Mendagri menjelaskan, ketahanan pangan tidak hanya penting bagi kemandirian bangsa, tetapi juga berdampak besar terhadap pertumbuhan ekonomi dan pengendalian inflasi. Merujuk data Badan Pusat Statistik (BPS), inflasi Indonesia tercatat 1,60 persen (year-on-year) pada Mei 2025. Angka ini menunjukkan bahwa harga pangan relatif stabil dan daya beli masyarakat tetap terjaga.

swa0306253.jpg

“Pangan ini terutama yang paling utama, kita tahu bahwa di samping untuk kemandirian, juga untuk menjaga pertumbuhan ekonomi, dan juga menjaga angka inflasi. Karena masuk dalam volatile goods, angka barang yang bergejolak, yang tergantung dari market, supply dan demand,” katanya. “Pangan ini terutama yang paling utama, kita tahu bahwa di samping untuk kemandirian, juga untuk menjaga pertumbuhan ekonomi, dan juga menjaga angka inflasi. Karena masuk dalam volatile goods, angka barang yang bergejolak, yang tergantung dari market, supply dan demand,” katanya. 

Ia menambahkan, meskipun stok beras nasional saat ini dinilai mencukupi, tantangan ke depan adalah potensi dampak musim kemarau. Meski Badan Meteorologi, Klimatologi, dan Geofisika (BMKG) memprediksi kemarau basah, Presiden Prabowo Subianto tetap menargetkan agar produksi pertanian tidak terganggu. Bahkan, diharapkan produksi bisa ditingkatkan agar stok beras mencukupi kebutuhan nasional dan membuka peluang ekspor.

swa0306254.jpg

Sementara itu, Menteri Pertanian Andi Amran Sulaiman memaparkan bahwa stok beras nasional saat ini mencapai 4 juta ton, tertinggi dalam 57 tahun terakhir. Ia menyebut, pada 1984 stok beras juga pernah tinggi dengan jumlah mencapai 3 juta ton. Mentan juga menekankan pentingnya sinergi seluruh pemangku kepentingan dalam menjaga dan meningkatkan produksi beras.

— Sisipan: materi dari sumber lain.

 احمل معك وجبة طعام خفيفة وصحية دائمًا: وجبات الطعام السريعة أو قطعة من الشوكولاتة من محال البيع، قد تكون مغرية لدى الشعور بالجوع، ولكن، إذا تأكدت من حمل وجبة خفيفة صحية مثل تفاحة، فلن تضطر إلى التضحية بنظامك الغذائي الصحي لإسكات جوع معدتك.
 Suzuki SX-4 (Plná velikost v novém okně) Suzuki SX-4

Ia menambahkan, empat bulan ke depan (Juni hingga September) menjadi periode krusial dalam produksi padi. Oleh karena itu, penguatan pompanisasi, perbaikan irigasi, serta penggunaan alat dan mesin pertanian (alsintan) menjadi prioritas. Ia memastikan, program pompanisasi akan terus dijalankan secara masif di berbagai daerah guna menjaga produktivitas sawah di tengah minimnya curah hujan.

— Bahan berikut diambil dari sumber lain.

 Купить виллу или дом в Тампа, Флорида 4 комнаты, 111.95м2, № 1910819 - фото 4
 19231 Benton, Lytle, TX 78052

“Ini yang menentukan titik kritis kita, kalau produksi beras. Nah, untuk memitigasi risiko kekeringan dan seterusnya, kita ada pompa, kita bagikan ada 80 ribu unit seluruh Indonesia. Ada alat mesin pertanian, kemudian ada perbaikan irigasi,” ucapnya.

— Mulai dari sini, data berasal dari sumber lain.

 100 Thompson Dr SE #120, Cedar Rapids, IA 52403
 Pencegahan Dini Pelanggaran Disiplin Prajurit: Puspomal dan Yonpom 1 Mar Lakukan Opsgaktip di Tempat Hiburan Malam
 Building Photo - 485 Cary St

Mentan juga menyoroti hambatan pelaksanaan irigasi yang belum terintegrasi antar level pemerintahan. Ia menyebut banyak proyek irigasi yang tidak berdampak signifikan pada hasil panen karena sistem irigasinya tidak terkoneksi dari hulu ke hilir. Untuk mengatasi hal ini, Presiden menerbitkan Instruksi Presiden (Inpres) Nomor 2 Tahun 2025 tentang Percepatan Pembangunan, Peningkatan, Rehabilitasi, serta Operasi dan Pemeliharaan Jaringan Irigasi untuk Mendukung Swasembada Pangan.

swa0306255.jpg

Inpres tersebut mengatur pembangunan dan pengelolaan jaringan irigasi di Indonesia, termasuk jaringan primer, sekunder, dan tersier. Tujuannya adalah meningkatkan produktivitas pertanian, khususnya pada lahan yang mengandalkan sistem irigasi.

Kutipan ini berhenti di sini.